Kimia Shahi, Department of Art and Archaeology
Kimia Shahi is a graduate student in the Department of Art & Archaeology. She studies the history of American art with a focus on landscape and geography in the 19th and 20th centuries. Kimia is particularly interested in maps and cartography and their historical intersections with the visual arts in relation to national and cultural identity. Related interests include the roles of vision and representation in cross-cultural exchange and encounter, spatial history, globalism, environmental and ecological history and theory, as well as contemporary art and artists that address these and similar themes. Kimia received an A.B. in art history from Dartmouth College in 2009, followed by an M.A. in art history from the Institute of Fine Arts, New York University, in 2012. Last year, she was the recipient of Princeton's George S. Heyer Graduate Fellowship in American/Modern Art History. This year, she joins the Princeton University Art Museum as a McCrindle Intern in the department of American art, where she will work on the upcoming exhibition Nature’s Nation: American Art and Environment (2018).

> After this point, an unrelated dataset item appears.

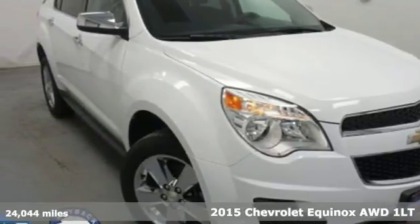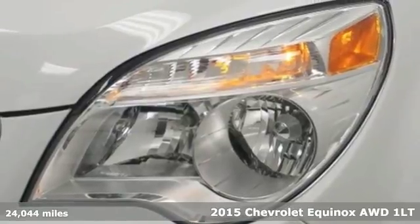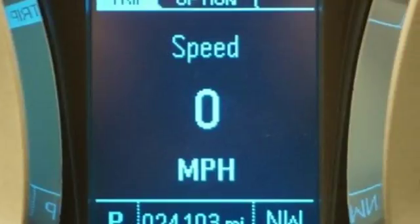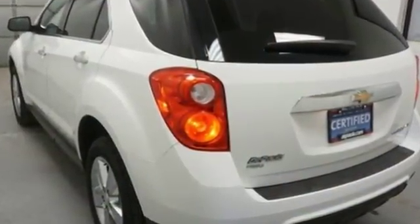Here's a 2015 Chevrolet Equinox. This crossover is efficient by design. The attractive aerodynamics and flowing lines will attract stares. The multi-flex sliding rear seat, remote keyless entry, and cruise control are handy.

Irene Elizabeth Stroud, Department of Religion
Beth Stroud entered the PhD program in the Department of Religion, specializing in Religion in the Americas, in 2010. She holds an S.T.M. from The Lutheran Theological Seminary at Philadelphia, an M.Div. from Union Theological Seminary in the City of New York, and an A.B. from Bryn Mawr College. She is interested in the history of liberal American Protestantism, especially the fissures and contradictions between academic theology, religious social action, and everyday lay religious practice. She also has a strong interest in African-American religion and cities. While completing her S.T.M., she worked as a research assistant on Faith on the Avenue, Dr. Katie Day's ongoing study of nearly 100 congregations on a single city street in Philadelphia.

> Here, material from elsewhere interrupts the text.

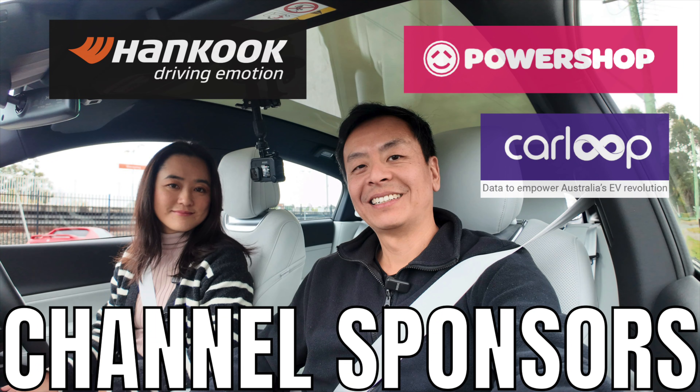Ludicrous Feed is proudly sponsored by Harncook, Ion Tyres specially designed for electric vehicles, Power Shop for day or night EV charging plans, and Carloop, data to empower Australia's EV revolution.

Joel Suarez, Department of History
Joel Suarez is a PhD candidate in the history department. His dissertation, “Work and the American Moral Imagination,” examines the values ascribed to work in the wake of its transformation in the latter half of the twentieth century. With an emphasis on social critics, novelists, the poor, and the working class, he explores how contending visions of the good life were challenged and reconstituted amid changes wrought by deindustrialization and the ascent of low-wage service sector work.
Sarah Town, Department of Music
Sarah Town is a PhD candidate in musicology, having completed a Masters in musicology at City College of New York, and a BA in history, Portuguese, and Latin American studies at the University of Wisconsin-Madison. Her background and research interests span Latin American and North American topics including North American and Cuban jazz and popular dance music; Cuban documentary film; the presence of folklore in the popular and avant-garde; diasporic musics and transnational collaborations; and Afro-futurism. Sarah has presented her research at conferences and events in the United States and Mexico, and at Princeton co-coordinated the 2013-14 Musicology Colloquium Series and has precepted for Black Popular Music Cultures, Sounds in and Out of Africa (Music of Africa), and Introduction to Music. Besides her academic work, Sarah performs and teaches a variety of popular music and dance forms, from Brazilian capoeira and maracatu to Cuban salsa and Latin jazz. Her dissertation focuses on the aesthetic economy of Cuban dance culture in New York City.